With a new head coach, some intriguing free agents and a quarterback on the comeback trail, the 2014 Redskins are loaded with storylines. Between now and the start of training camp, Redskins Insiders Rich Tandler and Tarik El-Bashir will be examining the top 30 questions the Redskins face as they get ready for the season.
Can DeSean Jackson match his Philly production?
In 2013, Jackson set career highs in receptions (82), yards (1,332), first downs gained (60) and matched his high in touchdowns (9) as a member of the Eagles. It marked the third time Jackson surpassed the 1,000-yard plateau and he earned a third Pro Bowl berth as a result. It’s also important, though, to point out that Jackson was Philly’s undisputed No. 1 wide receiver last season. He was targeted 126 times, or 42 times more than Riley Cooper and 61 times more than LeSean McCoy. In Washington, Jay Gruden is expected to spread the ball more evenly among a deep and talented pass-catching corps that boasts Pierre Garçon, another wide receiver capable of Pro Bowl level production. Which begs the question: can Jackson approach the numbers he put up in Philly?
El-Bashir: At 27, Jackson is in the prime of his career. And, with the exception of the minor hamstring strain he suffered this offseason, he’s healthy. He also figures to be motivated after his “humbling” release by the Eagles. But … I think it’s going to be tough for him to match his output from last season. He might even find it tough to crack the 1,000-yard threshold for a couple of reasons: No. 1, he’s sharing the stage with Garçon, Roberts and Reed and No. 2, Robert Griffin III has already developed gameday-tested chemistry with Garçon and Reed. The Redskins invested heavily in playmakers to surround Griffin and, as a result, the strength of Jay Gruden’s offense figures to be its ability to lean on one playmaker when a defense focuses on taking away another. I still expect one Redskins’ receiver will get to 1,000 yards this season. But I’m not confident enough—yet—to say it will be Jackson. (Interestingly, there were only two pairs of 1,000-yard receivers on the same team in 2013—Demaryius Thomas and Eric Decker of the Broncos and Alshon Jeffery and Brandon Marshall of the Bears).
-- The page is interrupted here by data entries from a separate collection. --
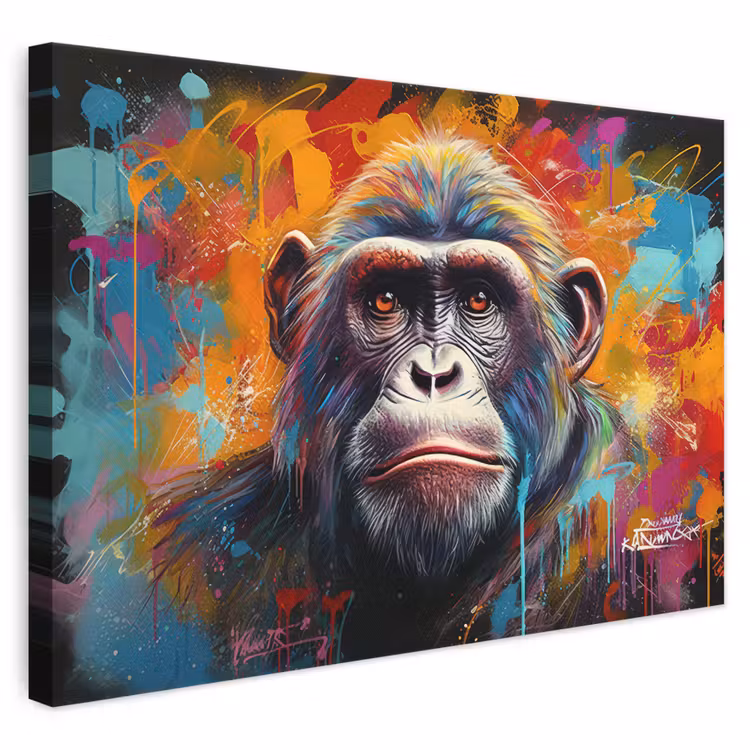 Leinwandbild - Affe - Gorilla - Graffiti - Tiere - Farben — 1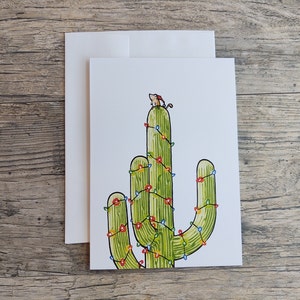 Cactus Holiday Card SAGUARO CACTUS Christmas Card Original Art Desert Southwest Greeting Cards by Random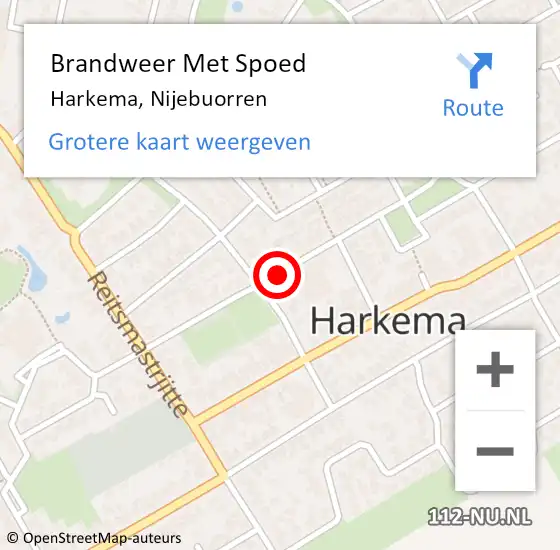 Locatie op kaart van de 112 melding: Brandweer Met Spoed Naar Harkema, Nijebuorren op 26 juli 2019 14:07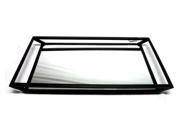 Elegance Rectangular with Mirror Bottom Black Color Stainless Steel Tray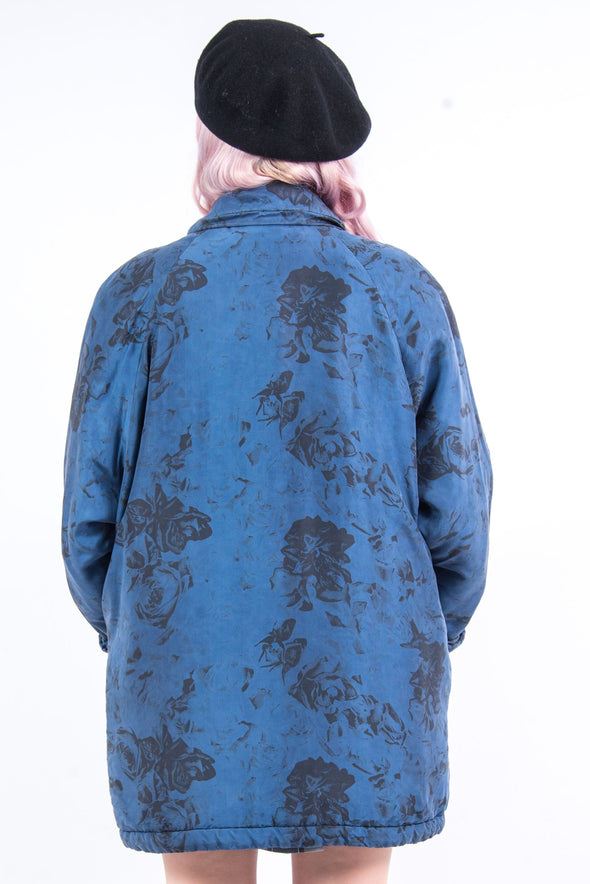 Vintage 90's Silk Floral Padded Coat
Tandler: I don’t think that the Redskins are necessarily looking for Jackson to match his 2013 catches and yards. There are a couple of numbers that will be used as a gauge for his success. One is his career average of 17.2 yards per catch. The Redskins have not had a player with at least 50 receptions who averaged more than 17 yards per catch since Santana Moss did it in 2005. That is the dimension that the team is looking for. The other number they would like to see him match or exceed is his 2013 total of 25 receptions for 20 yards are more. Whether it’s by getting open deep or by snagging a pass in stride on a crossing pattern, they want him to eat up big chunks of yards on a regular basis. So while he has the ability to catch 80+ passes for 1,300 yards, he probably won’t. With Garçon on the other side and Jordan Reed roaming in the middle, he won’t need to. The goal will be to make his touches count in a big way.